Task item:
Skip every picture, then write out exactly the lines of the listing below from the line that contains "Генератор бензиновый инверторный" through the final line.

Given data:
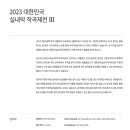 [9월 6일] 2023 대한민국 실내악 작곡제전 III 이미지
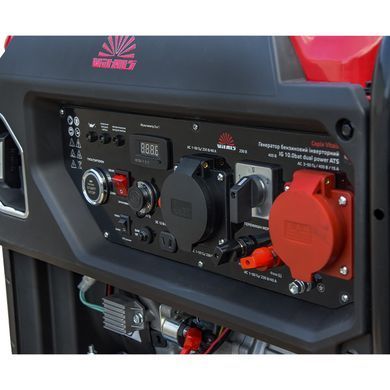Генератор бензиновый инверторный Vitals IG 10.0bat dual power + ATS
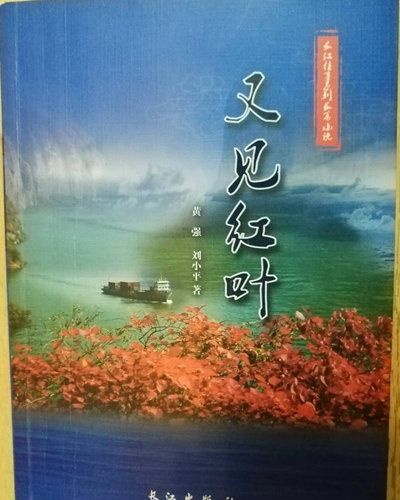 红叶书+.jpg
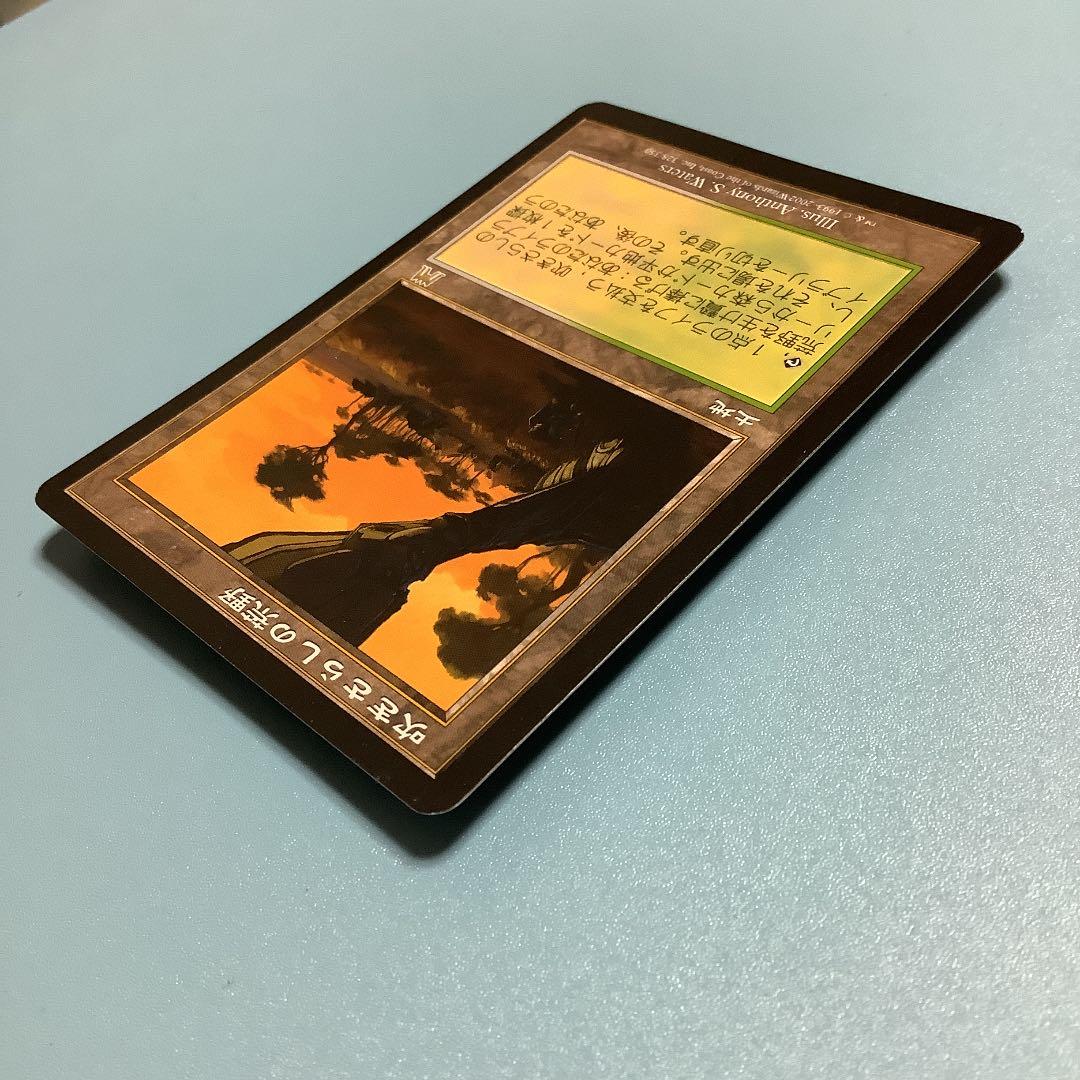 吹きさらしの荒野/Windswept Heath  ONS日本語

Exercise solution:
Генератор бензиновый инверторный Vitals IG 10.0bat dual power + ATS
 红叶书+.jpg
 吹きさらしの荒野/Windswept Heath  ONS日本語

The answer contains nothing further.